Construction of an auditorium for the school was included in the District's 1937 budget. Until this point, most meetings were held in a hallway, which had been nicknamed the Tower of Babel.

==Academics==
Whittier has had a science, technology, engineering, and math (STEM) program since 2009. Whittier's curricula combines science, math, and technology with all major subjects. The school has a science lab and a computer lab. Students may also take classes in art and dance, and 96% of the students learn Spanish.

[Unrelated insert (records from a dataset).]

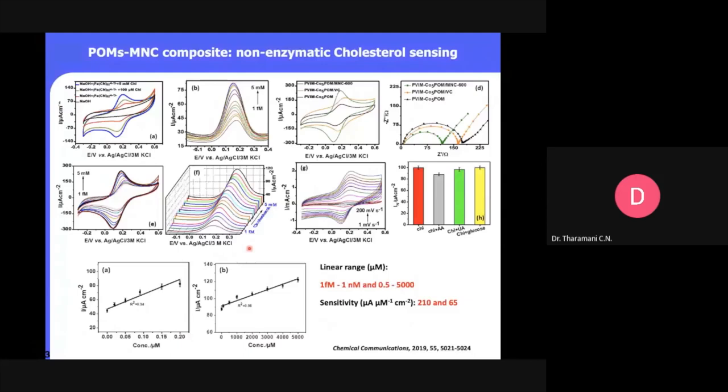Since cholesterol is not a redox-active material, we need a redox probe either in solution or on the electrode surface. The polyoxometallate in the Keggin structure does not expose redox activity accessible to electrochemistry. Therefore we added potassium ferricyanide into the solution. We varied the concentration and performed control experiments to optimize the sensing conditions.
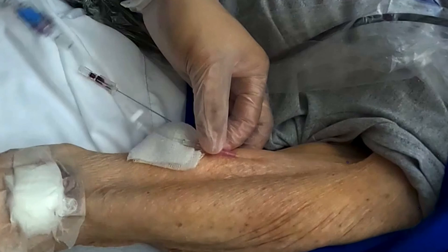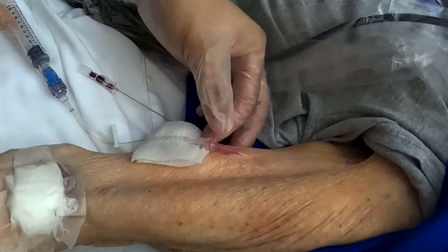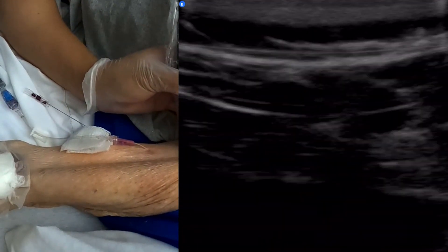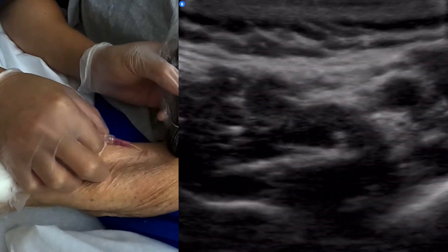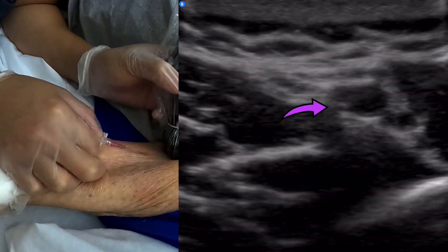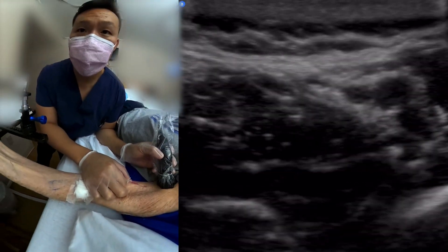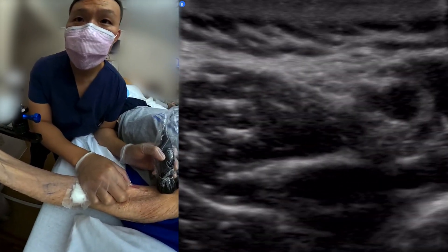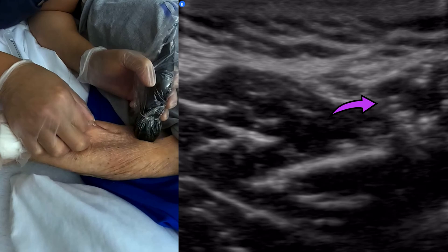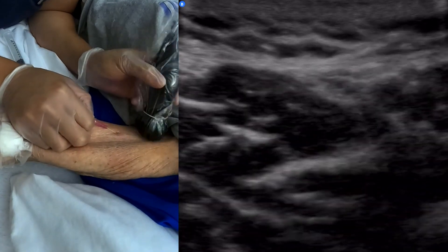There it is — good blood return, good flush. Let's see what happened there. Let's see where that catheter is lying. There's my catheter there — let's see what's happening here. All the way to the end. There's the catheter. There it is — there it is at the tip.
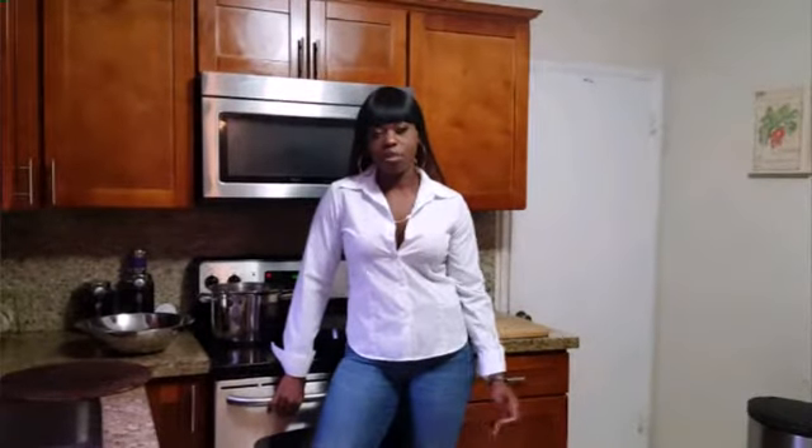Thanks for joining me in my kitchen. My name is Beatrice and today I'm going to make a pizza.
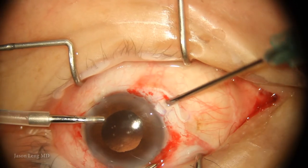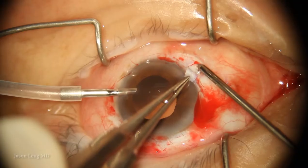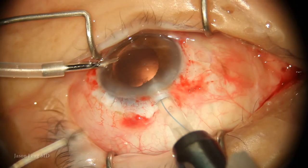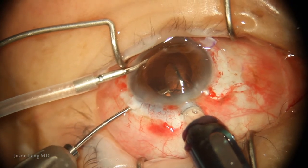Here I'm making a sclerotomy about 1 to 1.5 millimeters posterior to the limbus using a 21-gauge hypodermic needle. I initially used a 20-gauge MVR blade, but I felt a little more secure with the 21-gauge hypodermic needle. And here I'm inserting the lens.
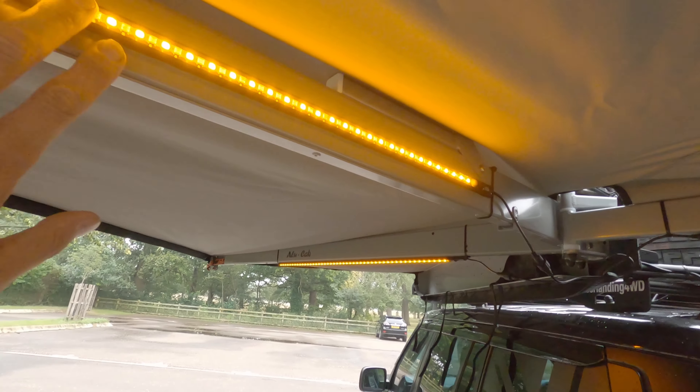So that's it — that's a walk around of the Alucab Shadow Awning 270, two-meter long awning. Hope you like the video. Don't forget to like and subscribe, and with that, see you on the next one. Cheers.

As of 2011, 41% of Whittier's students meet or exceed standards in math, and 38% of its students meet or exceed standards in reading. In comparison, the average for the District of Columbia Public Schools system is 42% for math and 43% for reading.

==Athletics==
Whittier has an elementary school-age basketball teams for boys and one for girls. It also has a middle school-age basketball team for boys. Whittier has a middle school-age track and field teams for boys and girls. Whittier also has a tennis team, a cheerleading team, a swim team, and a baseball team.

==Student body==
Students who live in parts of Manor Park, Brightwood, Brightwood Park, and Riggs Park are zoned for Whittier. As for other schools in the District of Columbia Public School system, children who live outside Whittier's zone may enter the Out of Boundary Lottery for a chance to attend Whittier.
Eighty-three percent of Whittier's students live within one mile of the school.